Cauchy’s first theorem on limits: If a sequence $\{x_n\}$ converges to l, then the sequence $\{y_n\}$ also converges to l.
Where, $y_n=\frac{x_1+x_2+\dots+x_n}{n}$
- $ \lim_{n\to\infty} \frac{1}{n}(1+\frac{1}{3}+\frac{1}{5}+\dots+\frac{1}{2n-1})=0$
Now in this example
$\{x_n\}=\frac{1}{2n-1}\implies \lim_{n\to\infty}\{x_n\}=\lim_{n\to\infty}\frac{1}{2n-1}=0 $
Hence by the Cauchy’s first theorem
$\implies \lim_{n\to\infty} \frac{1}{n}(1+\frac{1}{3}+\frac{1}{5}+\dots+\frac{1}{2n-1})=0$
- $ \lim_{n\to\infty} (\frac{1}{(n+1)^2}+\frac{1}{(n+2)^2}+\dots+\frac{1}{(2n)^2})=0$
$ \lim_{n\to\infty} (\frac{1}{n^2(1+\frac{1}{n})^2}+\frac{1}{n^2(1+\frac{2}{n})^2}+\dots+\frac{1}{n^2(2)^2})=0$
$ \lim_{n\to\infty} \frac{1}{n}(\frac{1}{n(1+\frac{1}{n})^2}+\frac{1}{n(1+\frac{2}{n})^2}+\dots+\frac{1}{4n})=0$
Now in this example
$\{x_n\}=\frac{1}{4n}$
$\implies \lim_{n\to\infty}\{x_n\}=\lim_{n\to\infty}\frac{1}{4n}=0 $
Hence by the Cauchy’s first theorem
$ \lim_{n\to\infty} (\frac{1}{(n+1)^2}+\frac{1}{(n+2)^2}+\dots+\frac{1}{(2n)^2})=0$
- $ \lim_{n\to\infty} (\frac{1}{n^2}+\frac{1}{(n+1)^2}+\frac{1}{(n+2)^2}+\dots+\frac{1}{(2n)^2})=0$
I think this example is similar as above example.

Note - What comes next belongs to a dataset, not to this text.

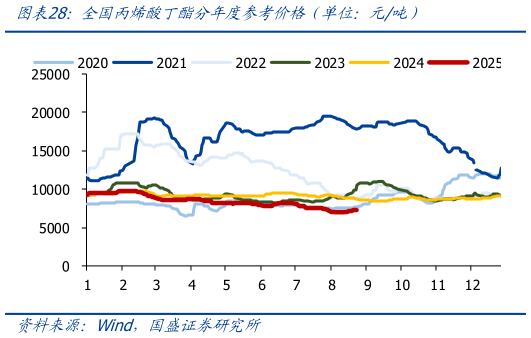 咨询下各位全国丙烯酸丁酯分年度参考价格(单位:元吨)?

- $ \lim_{n\to\infty} (\frac{1}{\sqrt{n}}+\frac{1}{\sqrt{n+1}}+\frac{1}{\sqrt{n+2}}+\dots+\frac{1}{\sqrt{2n}})=\infty$
Multiply and divide by n so we get,
$ \lim_{n\to\infty} \frac{1}{n}(\frac{n}{\sqrt{n}}+\frac{n}{\sqrt{n+1}}+\frac{n}{\sqrt{n+2}}+\dots+\frac{n}{\sqrt{2n}})$
Now $\{x_n\}=\frac{n}{\sqrt{2n}}=\frac{\sqrt{n}\sqrt{n}}{\sqrt{2n}}=\frac{\sqrt{n}}{\sqrt{2}}$
$\lim_{n\to\infty}\{x_n\}=\lim_{n\to\infty}\frac{\sqrt{n}}{\sqrt{2}}=\infty$
Hence by the Cauchy’s first theorem
$ \lim_{n\to\infty} (\frac{1}{\sqrt{n}}+\frac{1}{\sqrt{n+1}}+\frac{1}{\sqrt{n+2}}+\dots+\frac{1}{\sqrt{2n}})=\infty$
Are the above right and if not could you give me a hint?